Maybe you’re one of those people who really enjoys a good mouthful of salad greens . . . with that non-fat, tasteless dressing on the side. I am not one of those people. Ask my mother. She can relate countless episodes of trying to force me to eat rabbit food with that awful thousand island dressing no one on the planet actually likes.
I do love a good salad, but it has to be done right. You know the kind. With mushrooms and tomatoes and cucumbers and green onions and the odd crouton and grated cheese on the top. Dump some kind of homemade creamy dressing on it and mix it all up and I’m good.
What does this have to do with writing, you ask?
Well . . .
The meat and potatoes of your story need the salad greens too. Those descriptors: the boring rundown of what the landscape looks like, the detailed checklist of your main character’s every freckle and eyelash, the in depth analysis of the bad guy’s psyche. Yeah, that stuff. Except it doesn’t need to be a blah salad with nothing but lettuce. You’ve got to add the mushrooms and tomatoes and all those yummy ingredients.

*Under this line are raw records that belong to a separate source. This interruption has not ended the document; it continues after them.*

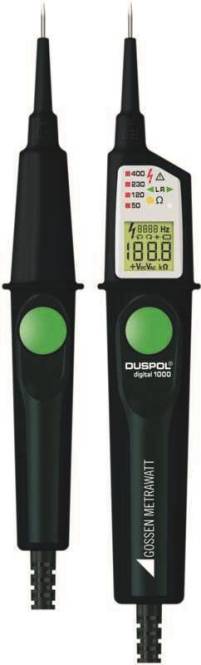 Gossen TRUE RMS DUSPOL digital 1000 Spannungsprüfer mit Widerstand M611F Install.Baumaterial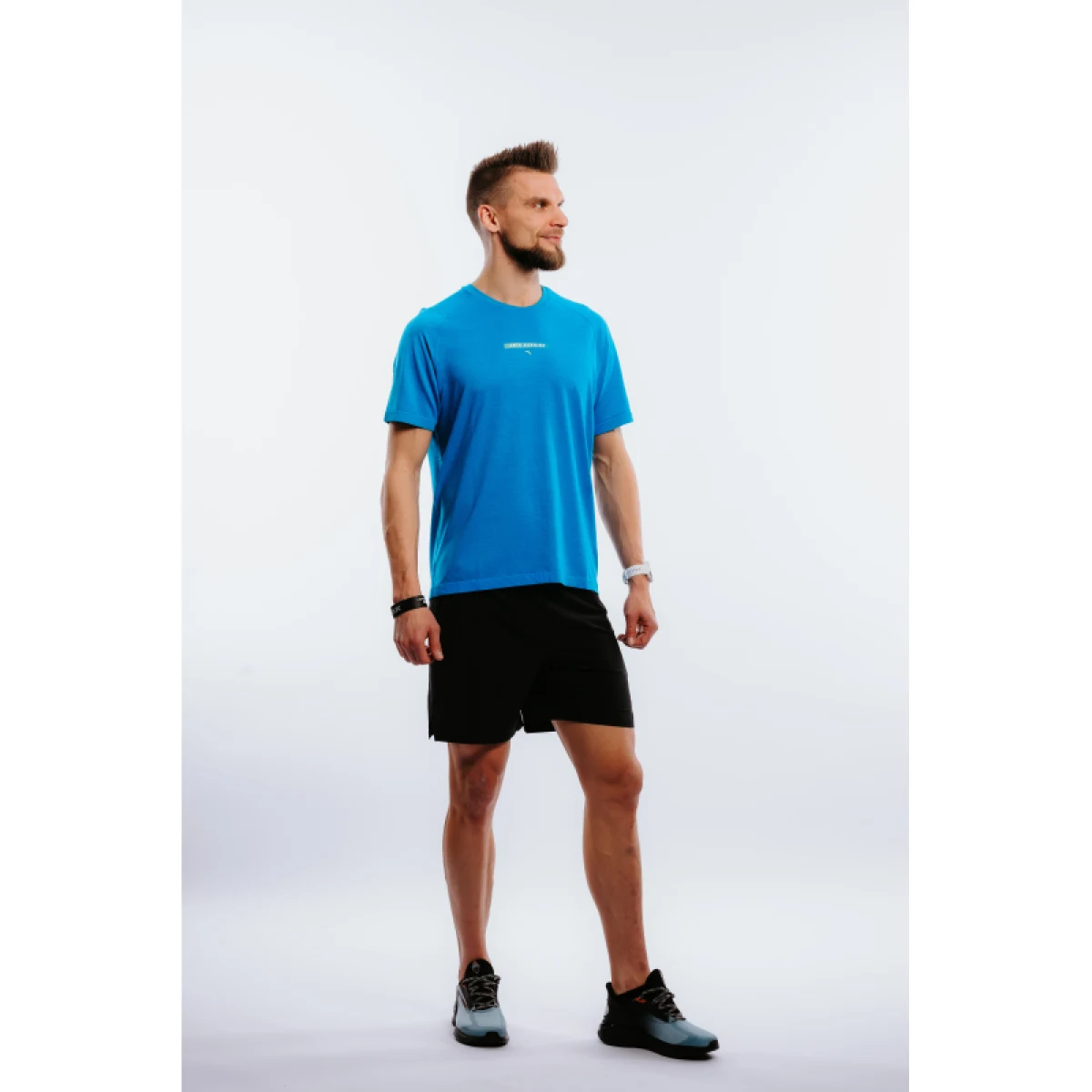 Pánské běžecké tričko s krátkým rukávem ANTA SS Tee-852225101-1-SS22_Q2-Moon Blue Heather · záber 3
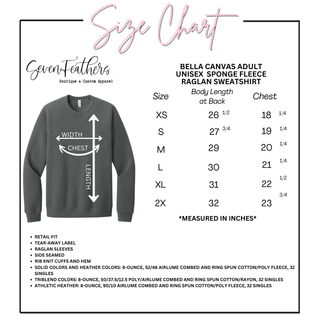 Bella Canvas adult crewneck size chart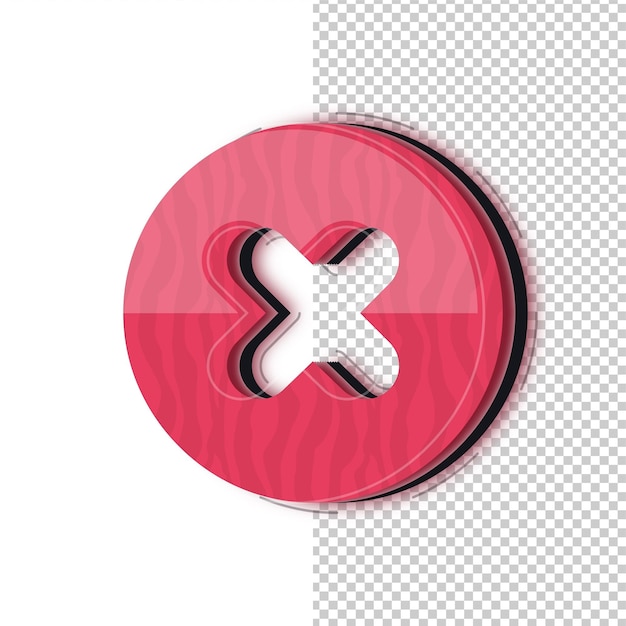 3D Red Glass Effect Correct Icon with Editable Background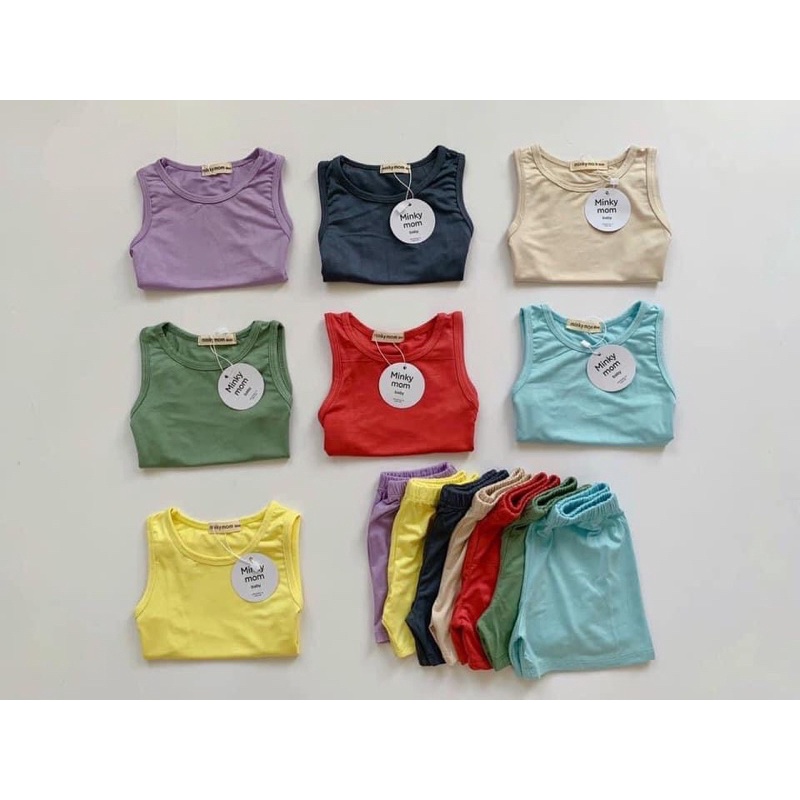 Đồ bộ minky mom sát nách cho bé trai bé gái - Mẫu sát nách, Hết màu đỏ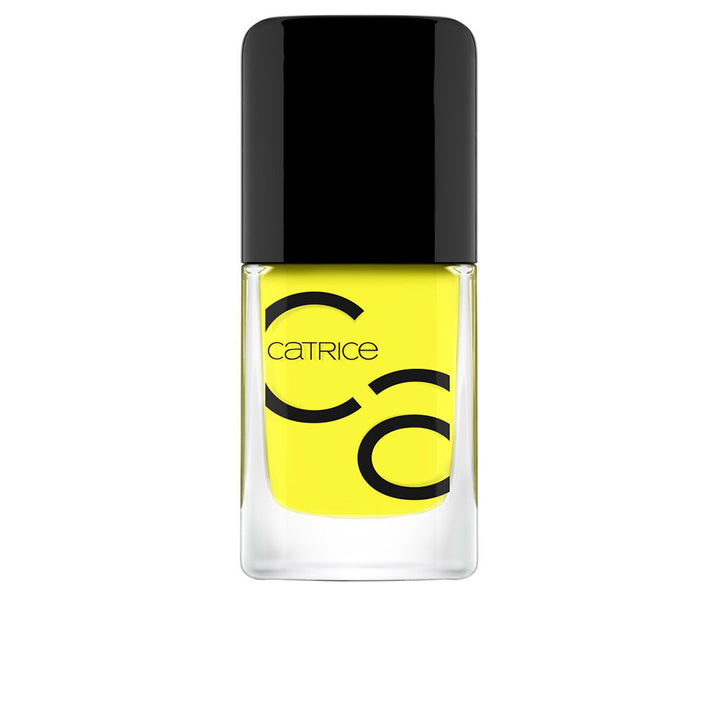 Pale lemon gel‑effect nail polish bottle with glossy swatch, 10.5 ml, Unisex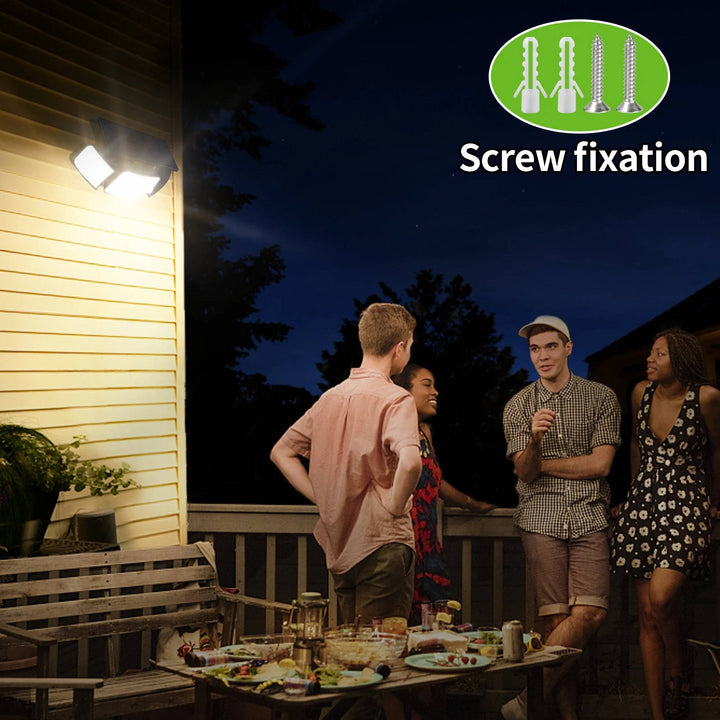 Solar Security Flood Light with Motion Sensor and 3 Adjustable Heads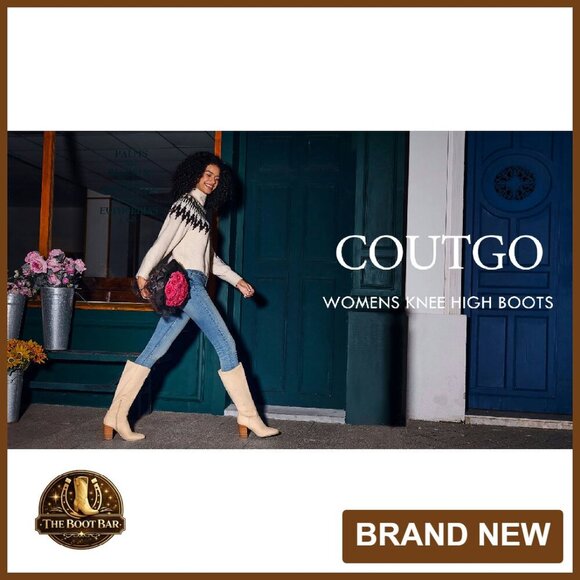 Faux Suede Knee High Boots Side Zipper Chunky Heel Stretch Winter - Picture 7 of 8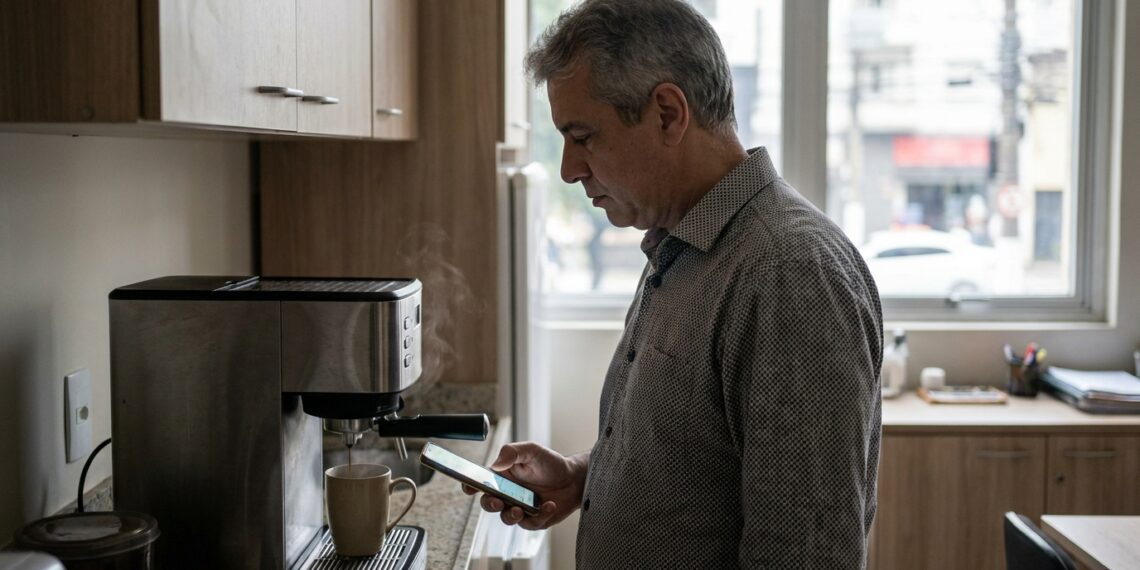 Homem olha o celular enquanto espera alguns segundos pelo café.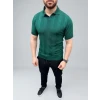 Erkek Yazlık Triko Dokuma Tişört Kısa Kol Polo Yaka T-shirt - Koyu Yeşil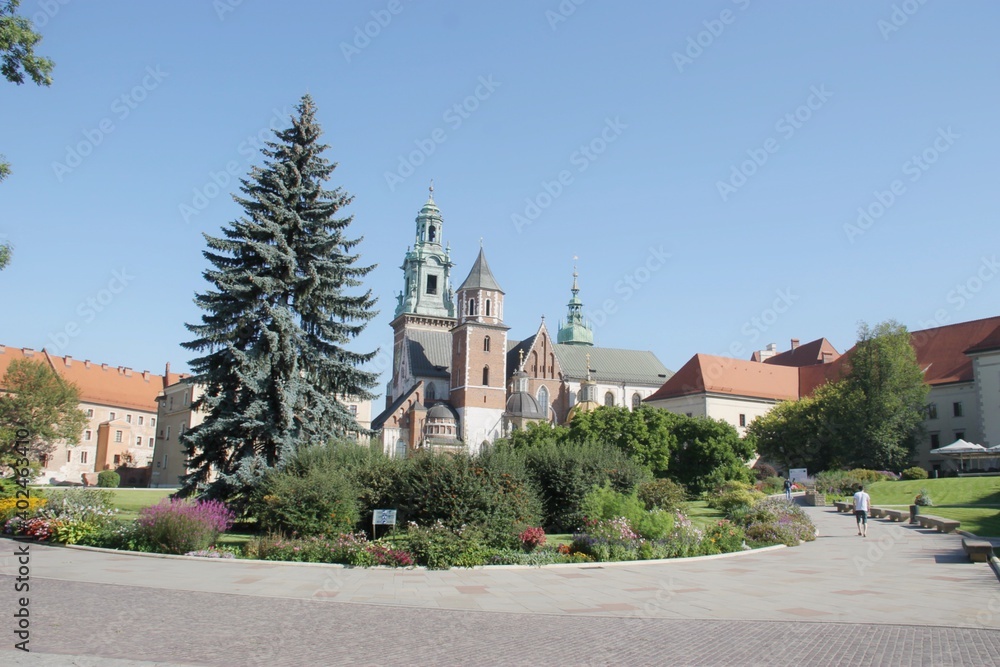 courtyard of wawel castle in krakow, poland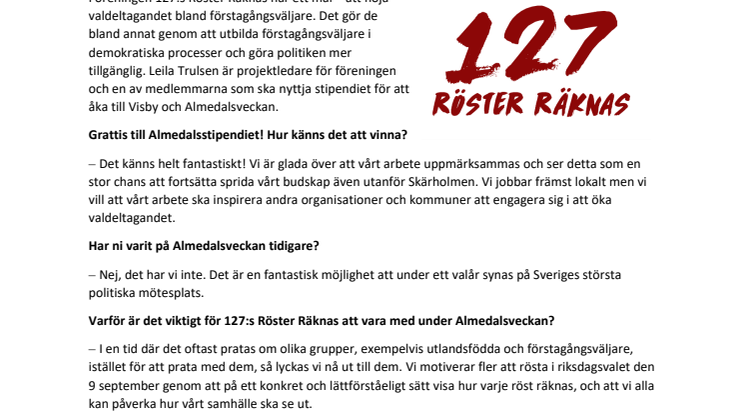 Almedalsstipendiet 2018 går till 127:s Röster Räknas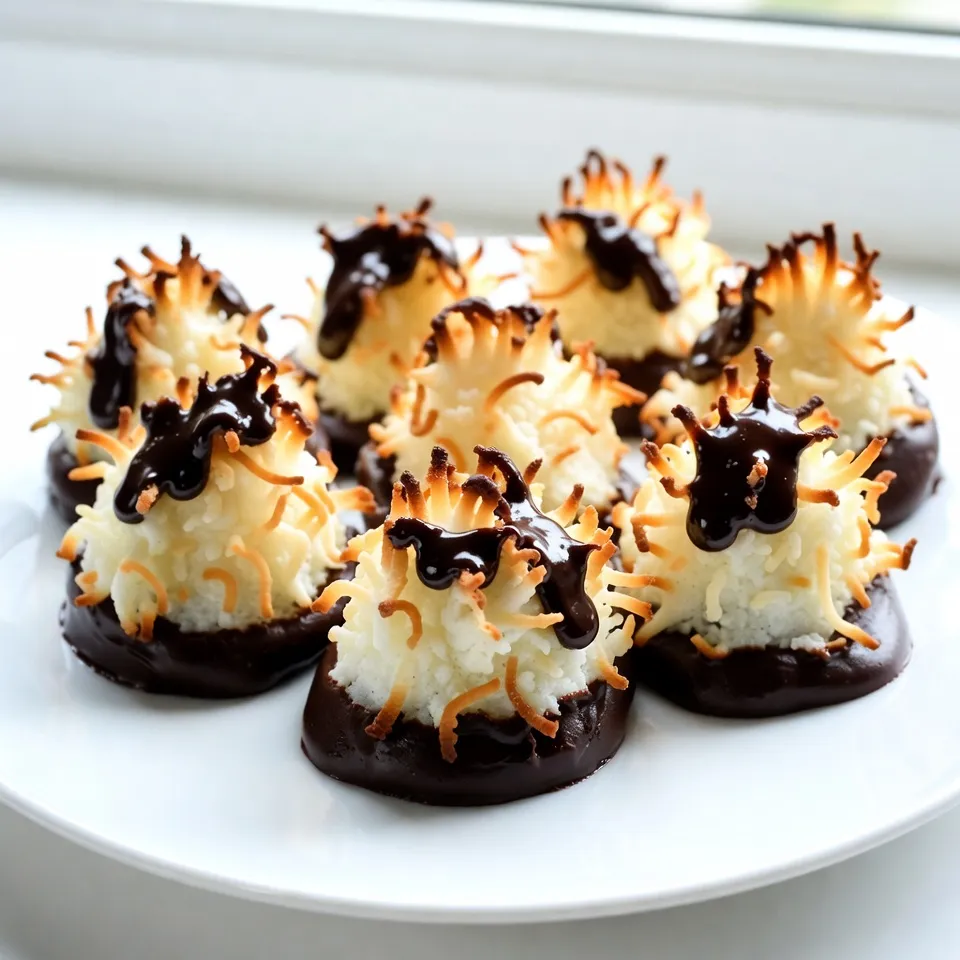Chocolate Dipped Coconut Macaroons Delightful Treat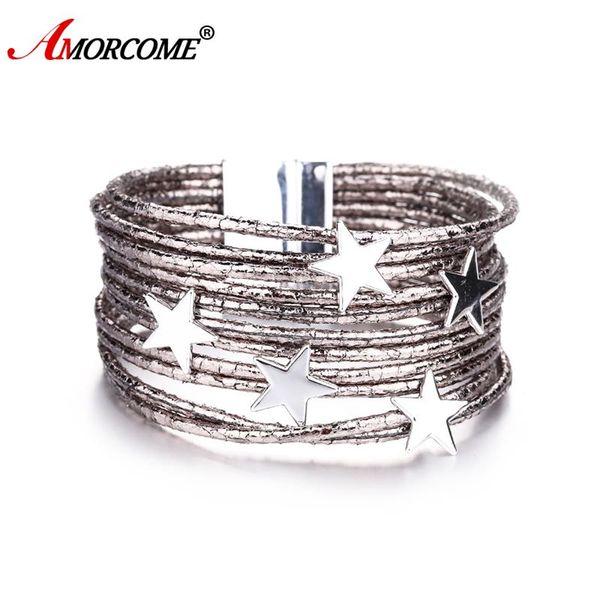 amorcome fashion leather bracelet for women bohemian bangle charms gold christmas gift crystal jewelry, Black
amorcome fashion leather bracelet for women bohemian bangle charms gold christmas gift crystal jewelry, Black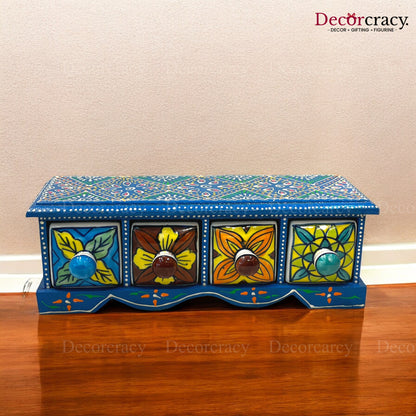 4 Drawer Ceramic Hand Painted Wooden Rajasthani Horizontal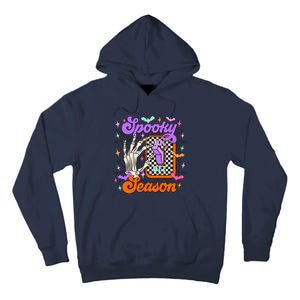 Spooky Season On Skeleton Hand Halloween Pumpkin Tall Hoodie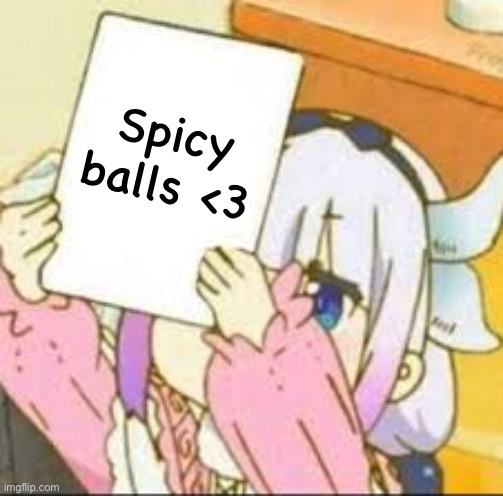 Kanna holding a sign. | Spicy balls <3 | image tagged in kanna holding a sign | made w/ Imgflip meme maker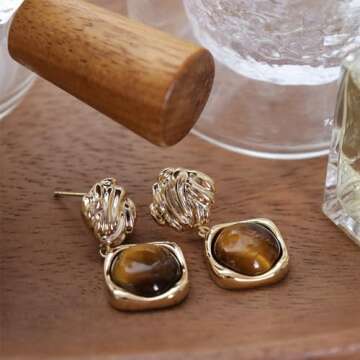 Sonateomber Gold Chunky Tiger Eye Stone Dangle Drop Earrings for Women, Valentine Vintage Statement Brown Natural Gemstone Square Dangling Hypoallergenic Earing Jewelry Gift.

It’s called tension, folks.
Stress. Urgency. Unease. Apprehension. Anxiety. Fright. Horror. Excitement. Whatever form it takes.
You need to build tension into even the dullest of scenes. Trust me on this. Your story has to keep moving, even in the midst of those descriptor paragraphs. And if the paragraph doesn’t move the story along, fix it or delete it. You need to be brutal as a self-editor.
No one wants to read six pages about how pretty the flowers in the meadow look. No matter how you say it, you’re still talking about pretty flowers in a meadow. Boring. Now, if you have one tiny patch of those flowers growing with some wicked looking four-inch thorns on them, you might catch the reader’s attention. Otherwise, they’re just going to skip those pages. And if the reader doesn’t care to read them, why put them in?
Oh yeah, about those thorns – they shoot themselves at anyone who passes too closely, so watch out.